TASK BRIEF:
Starting at the line that contains "Thrustmaster T-QR Quick", write out every line through the end of the records exactly as it stands, and leave out all pictures.

MATERIALS PROVIDED:
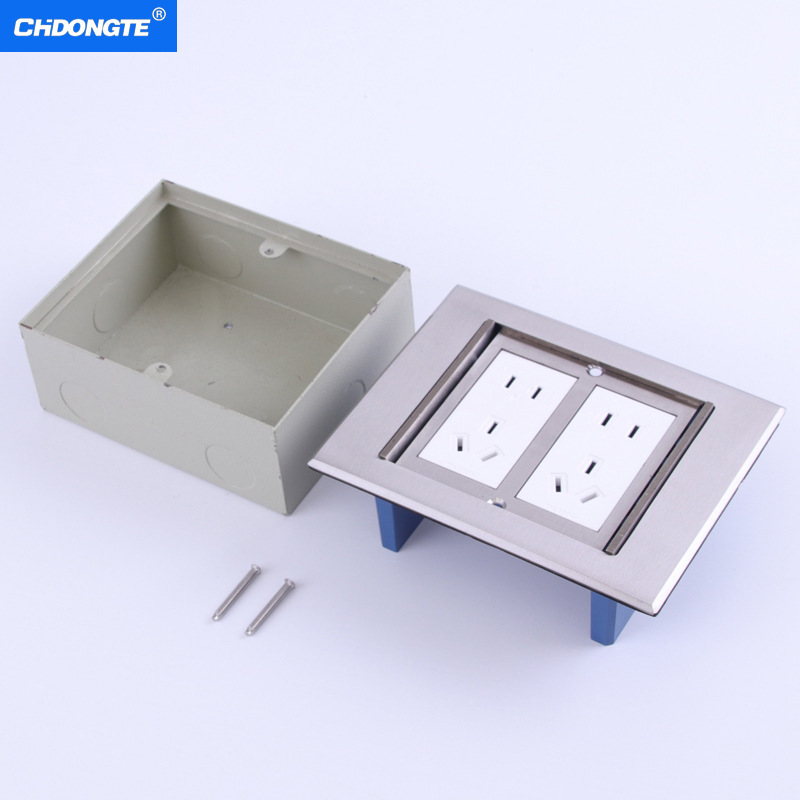 ˫ſȫͭ˫ײʽز岻ֵذع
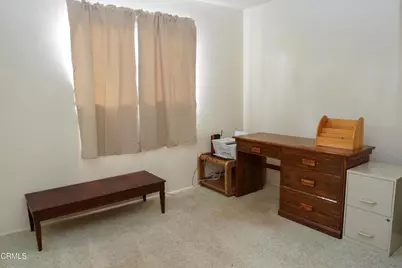 607 Calle Tulipan, Thousand Oaks, CA 91360 - Photo 11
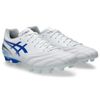 ��20%OFF��asics/�����å��� DS �饤�� ���ɥХ� �磻�ɡ�1103A125-100��
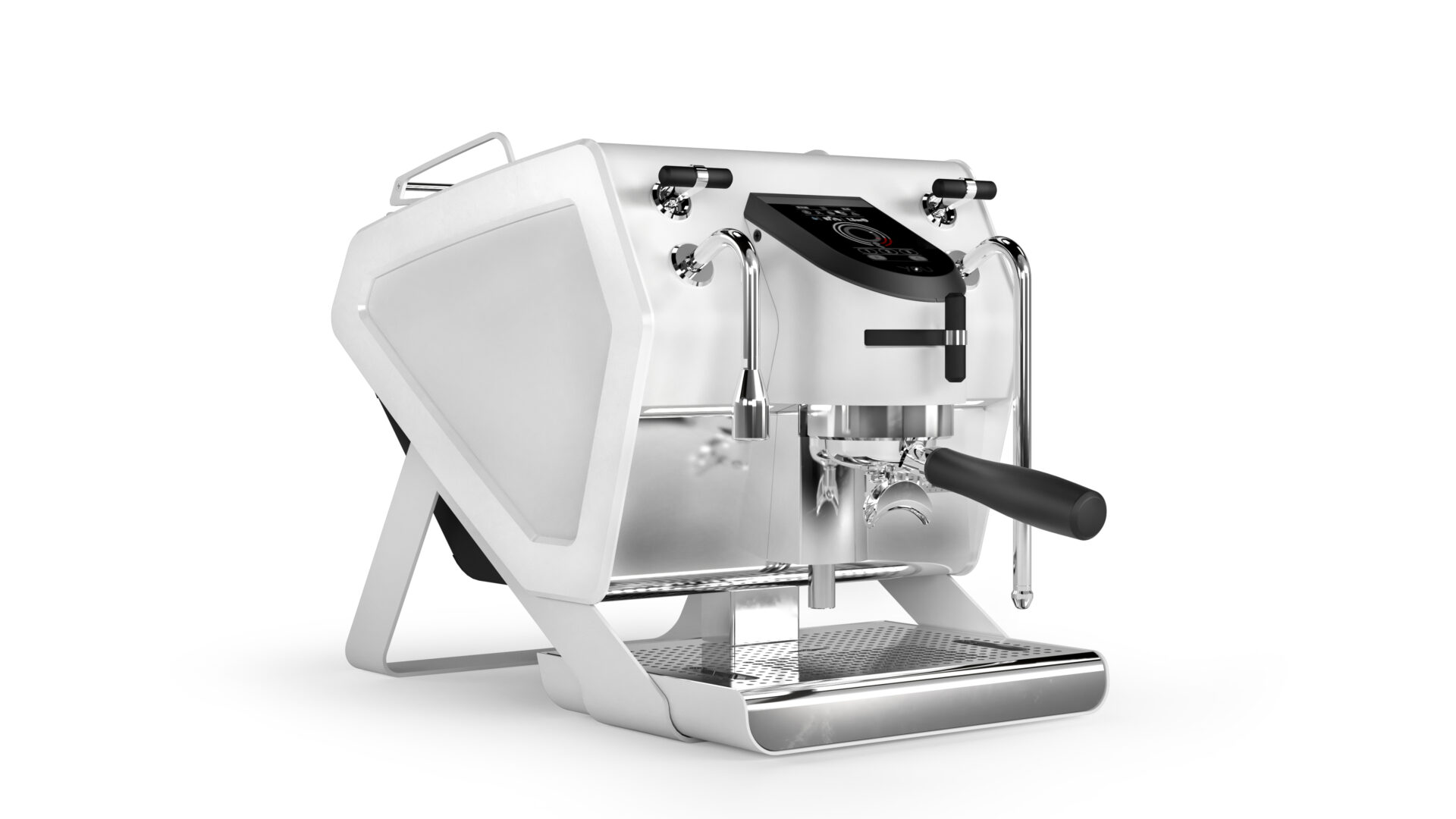 Sanremo You - Image 4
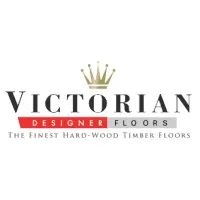 Victorian Designer Floors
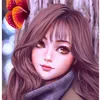 sissy_58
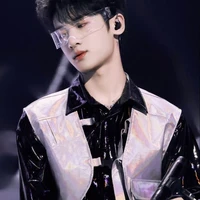 Trương Tuấn Hào_gã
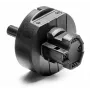 Thrustmaster T-QR Quick Release Adapter Upgrade Kit T-Series ratų pagrindams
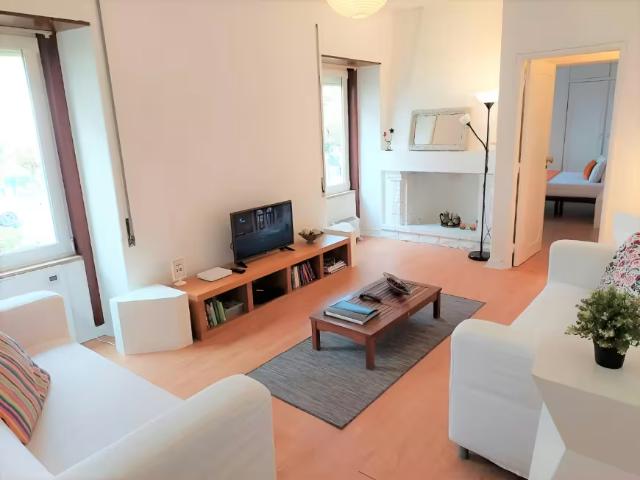 2 quarto, Cascais Cascais 2750 357 98065550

PROBLEM SOLUTION:
 Thrustmaster T-QR Quick Release Adapter Upgrade Kit T-Series ratų pagrindams
 2 quarto, Cascais Cascais 2750 357 98065550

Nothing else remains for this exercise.